In short, the people we trust - the police, fire and rescue, local authorities and the government itself - must be able to trust their technology partners, both in terms of security and of our shared ethical and professional values. And the publicly available evidence tells me that some of these companies - notably Hikvision and Dahua - simply cannot be trusted, partly because of concerns about the role they and their technology are believed to have played in perpetuating the appalling treatment of Uyghur Muslims as set out in the report of the Commons Foreign Affairs Committee last year (and recognised in the government’s formal response), but also because of those companies’ absolute refusal to engage with even the most cursory level of public accountability in response to those concerns.
The report by Big Brother Watch has corroborated what the surveillance community has known for some time: that almost every aspect of our lives is now under surveillance using advanced systems designed by, and purchased from, companies under the control of other governments, governments to whom those companies have data sharing obligations within their own domestic legal framework.
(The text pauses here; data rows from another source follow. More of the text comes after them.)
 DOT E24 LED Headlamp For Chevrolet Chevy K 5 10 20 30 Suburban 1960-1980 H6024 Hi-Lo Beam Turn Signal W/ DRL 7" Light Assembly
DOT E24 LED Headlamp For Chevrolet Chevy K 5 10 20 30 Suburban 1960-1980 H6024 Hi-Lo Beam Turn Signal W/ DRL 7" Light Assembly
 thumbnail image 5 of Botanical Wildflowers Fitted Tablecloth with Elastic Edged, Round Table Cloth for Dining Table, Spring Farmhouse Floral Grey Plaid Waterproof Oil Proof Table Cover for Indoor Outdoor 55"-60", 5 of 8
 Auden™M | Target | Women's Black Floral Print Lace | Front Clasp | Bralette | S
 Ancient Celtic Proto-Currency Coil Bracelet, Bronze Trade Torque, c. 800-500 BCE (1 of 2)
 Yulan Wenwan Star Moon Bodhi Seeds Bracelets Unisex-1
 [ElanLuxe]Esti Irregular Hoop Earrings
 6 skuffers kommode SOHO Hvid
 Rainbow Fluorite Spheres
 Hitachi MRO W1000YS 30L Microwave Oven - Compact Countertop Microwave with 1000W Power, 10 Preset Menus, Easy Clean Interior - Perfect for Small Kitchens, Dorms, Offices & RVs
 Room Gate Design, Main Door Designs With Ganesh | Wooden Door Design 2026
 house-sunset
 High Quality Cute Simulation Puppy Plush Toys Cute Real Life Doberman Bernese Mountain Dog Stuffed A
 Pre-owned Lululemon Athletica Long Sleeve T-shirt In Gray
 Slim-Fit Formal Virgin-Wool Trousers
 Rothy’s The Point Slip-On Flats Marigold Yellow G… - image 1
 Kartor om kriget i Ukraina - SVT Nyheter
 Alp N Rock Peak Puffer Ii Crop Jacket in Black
The proliferation of these systems means we have a public surveillance infrastructure built on ‘digital asbestos’ requiring both considerable caution when handling the products installed by a previous generation and, as a priority, a moratorium on any further installation until we fully understand the risks we have created.
I have been assured by ministers that these issues will be addressed in the Public Procurement Bill currently before Parliament and it is my sincere hope that any subsequent legislation will be sufficiently comprehensive, not just to address the letting of new public surveillance contracts, but also to reinforce the fidelity of our country’s critical surveillance infrastructure in its entirety.
I will shortly be conducting a survey across police and local authorities to identify how many are relying on these surveillance systems but this will only inform a small part of the picture; what is ultimately needed is a full inventory across our critical national infrastructure.
To my mind this is not about interfering in another country’s domestic affairs; this is about reinforcing the legitimate expectations in ours.